**Required action**
Apart from the pictures, reproduce the data below exactly as it stands.

**Dataset section**
◆ ◆ ◆ ◆
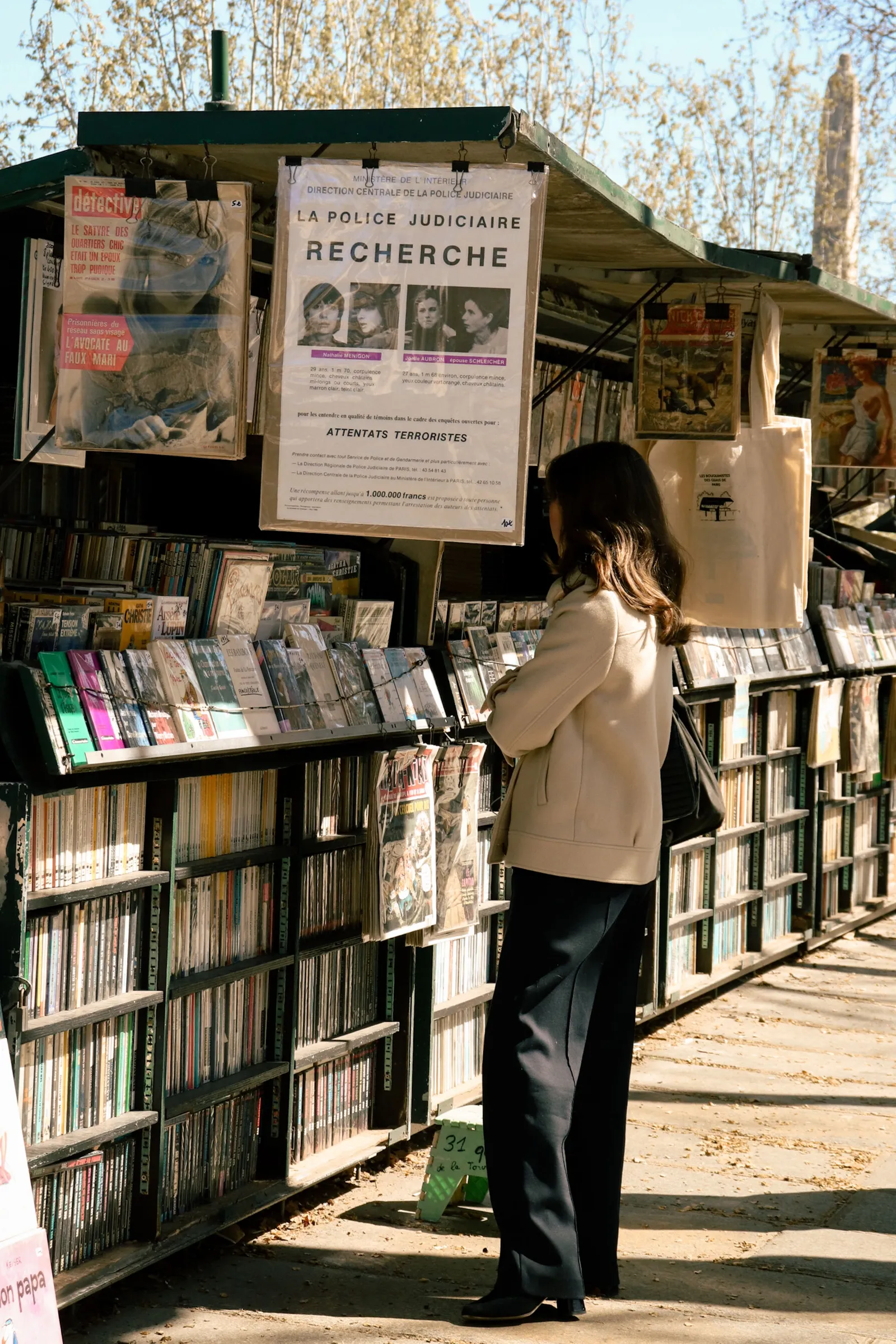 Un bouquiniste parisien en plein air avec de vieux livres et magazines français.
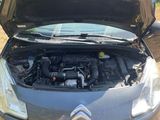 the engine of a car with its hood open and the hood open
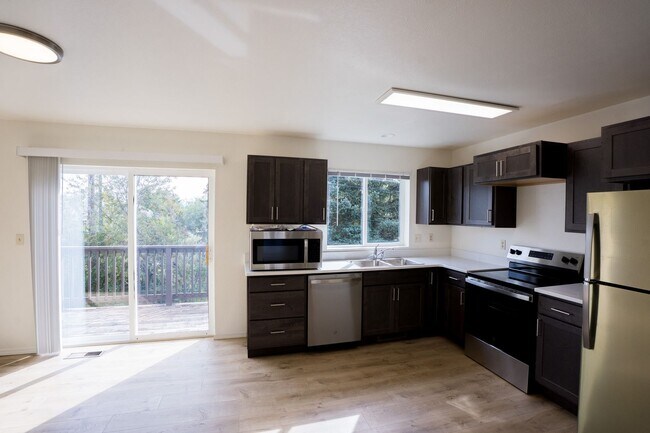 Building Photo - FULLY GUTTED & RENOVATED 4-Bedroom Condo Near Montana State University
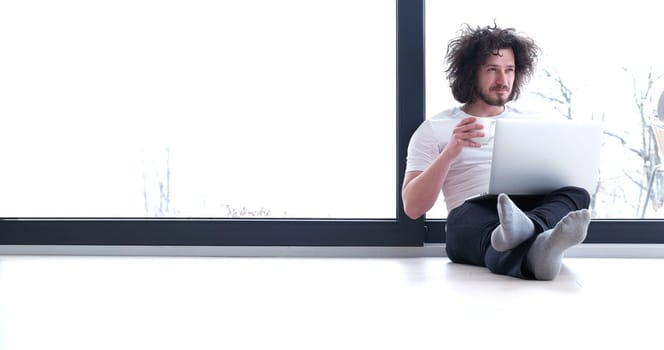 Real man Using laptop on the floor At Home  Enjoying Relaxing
◆ ◆ ◆ ◆
**Response to the exercise**
 Un bouquiniste parisien en plein air avec de vieux livres et magazines français.
 the engine of a car with its hood open and the hood open
 Building Photo - FULLY GUTTED & RENOVATED 4-Bedroom Condo Near Montana State University
 Real man Using laptop on the floor At Home  Enjoying Relaxing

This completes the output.